Throughout high school, Class of 2021 President Brendan Baig became very involved in the EHS community. He joined Habitat for Humanity, became a track team manager this year, was part of the Red Cross Club for two years, participated in cross country for three years, and founded Students Advocating Vape Elimination (SAVE). Before he graduates, he hopes to establish a way for different clubs to work together to accomplish their goals.

Baig will attend the California Institute of the Arts to major in music composition, specifically the composition of experimental sound practices. After college, he wants to work in the film industry as a music composer. 

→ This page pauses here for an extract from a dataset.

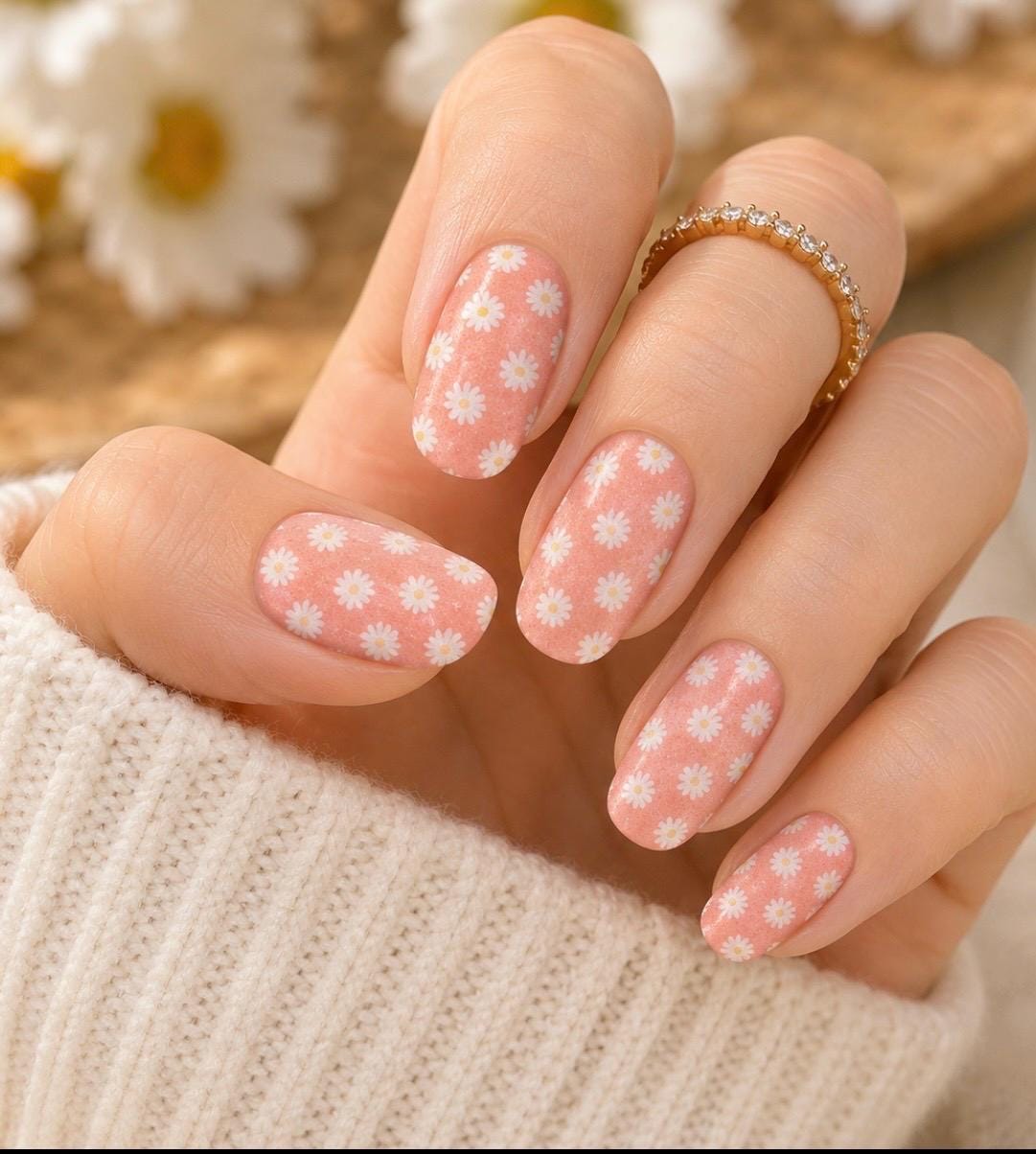 Daisy Delight Nail Polish Strips: Wider Nail Sizes, Easy to Apply- Non-Toxic Floral Nail Stickers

Stinger: What is your favorite high school memory?

Baig: I would say my favorite, it’s funny, it would actually be from my freshman year. I would say, gosh, the student exchange program overall. I would say meeting the other five students who were there, who were part of, kind of, this trip overall, this exchange program. And really interacting with them, becoming their friends over in Europe. And kind of being just in their environment and kind of just talking about things that happen at home, new things that we’re experiencing every day over there. Just kind of new ways of life. I think really just spending time meeting new people from Emmaus High School. Of course, meeting people from Germany also in that time in Europe was, quite, I’ll say lovely to say the least. 

Stinger: What is the hardest class you’ve ever taken?

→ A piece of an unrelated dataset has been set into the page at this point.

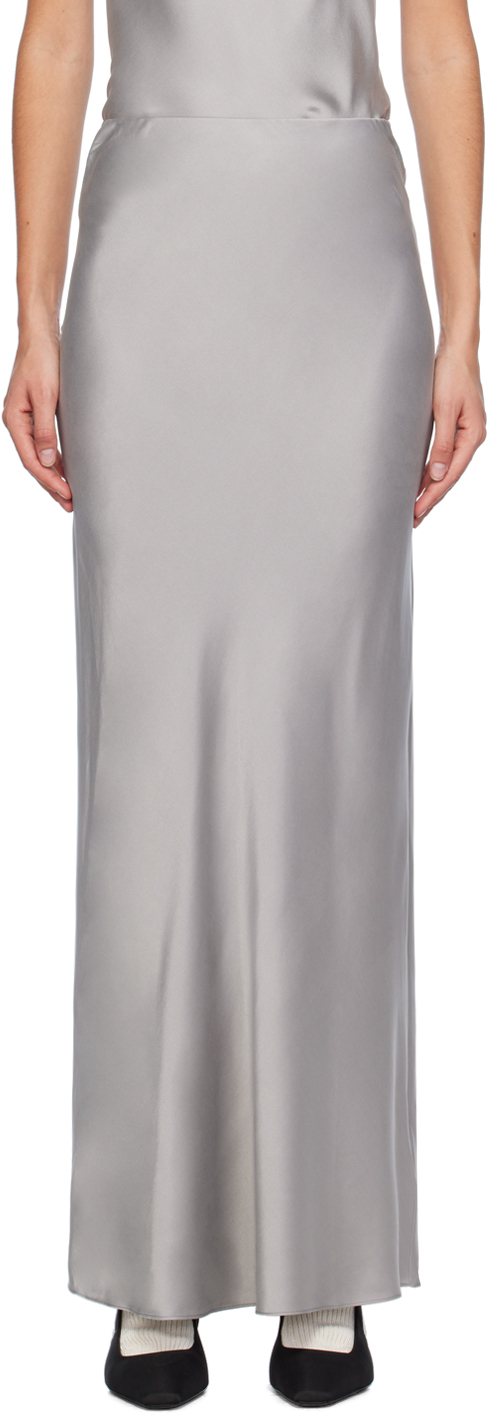 St. Agni Bias Slip Skirt In Silver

Baig: Oh, this is a good one. I would say probably one I took this year over my first semester. I would say probably AP Music Theory. That’s quite challenging. 

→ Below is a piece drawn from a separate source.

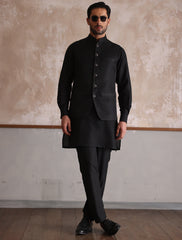 BLACK JACQUARD WAISTCOAT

Stinger: What was the hardest part of adjusting to online school? 

Baig: So, many things first of all, but if I had to narrow it down, I would probably say breakout rooms. Every time I would go there, it’s always awkward when you try to talk to people and they don’t want to talk back. And also, of course, not seeing your friends in person, so I think missing that aspect, that social aspect as well. 

Stinger: Did you pick up any new hobbies during quarantine? 

Baig: Yeah, this one’s interesting. So I would say baking. I started baking a lot of stuff. That’s a new hobby, actually, of mine now. It’s been quite fun.

Stinger: What’s your favorite thing to bake?

Baig: I’d say really, I would say cakes. Any cake in general: chocolate, carrot cake. There’s so many things you can do with cakes. I just love cake in general. 

Stinger: How do you think you’ve changed since freshman year?

Baig: Oh man, I think quite a lot. I think one of the things, I think for me that probably the biggest difference is that, kind of just taking charge in terms of what I want to do. So really kind of setting up my goals and actually accomplishing them. I think that’s the biggest difference. 

Stinger: What do you want to be remembered for?

Baig: I guess, so one of the things I talked [about] at the 9th Grade Experience Podcast [on Episode 29 of Season Three] with Mr. Stuchko, so it was kind of the same question, like, ‘oh, what do you want your legacy to kind of be like?’ as well. So I guess what I would do, just to kind of keep consistent, I’ll answer along those lines. So, I think for me, one of the things, something I want to leave behind, at least for Emmaus High School, I just want to show really What you put into it is what you get out. So if you put in the effort, you put in the work, you want to see the results. I think if you have a desire for it and you have a belief in yourself that these things can be accomplished, you will see the results happen. Good things will happen if you keep pushing forward. that it’s possible that whatever you want to do, in terms of what do you want to set out for, that it is entirely within you and it is possible to be achieved. So I think just the idea of that there are so many things that maybe you have in your mind that ‘oh, I want to do this and that’ and you think it might be out of your reach. But I think just knowing that it is within your reach and you totally can do it. I think that’s the main thing I want to leave behind: [it] is showing that yes, it is possible that you can get this done. So hopefully it does inspire people later on, so I hope that’s possible.

Stinger: Do you have any advice for underclassmen? 

Baig: Yeah, so I keep referring back to this podcast I did, but I guess just again to kind of keep the same message of consistency. I guess my biggest thing is that for any underclassmen, current [students], alumni, or whoever’s coming, I think it’s useful for everyone, is that, really, it is kind of anything you put into pretty much school or it could just be very much life in general. That even though crazy stuff will happen in your life that you’ll be like ‘How did this happen? Why did this happen?’ The best thing you can do is just say ‘stuff happens’ and just move forward and just create a new path for yourself. So I think that’s, I guess, my advice for underclassmen.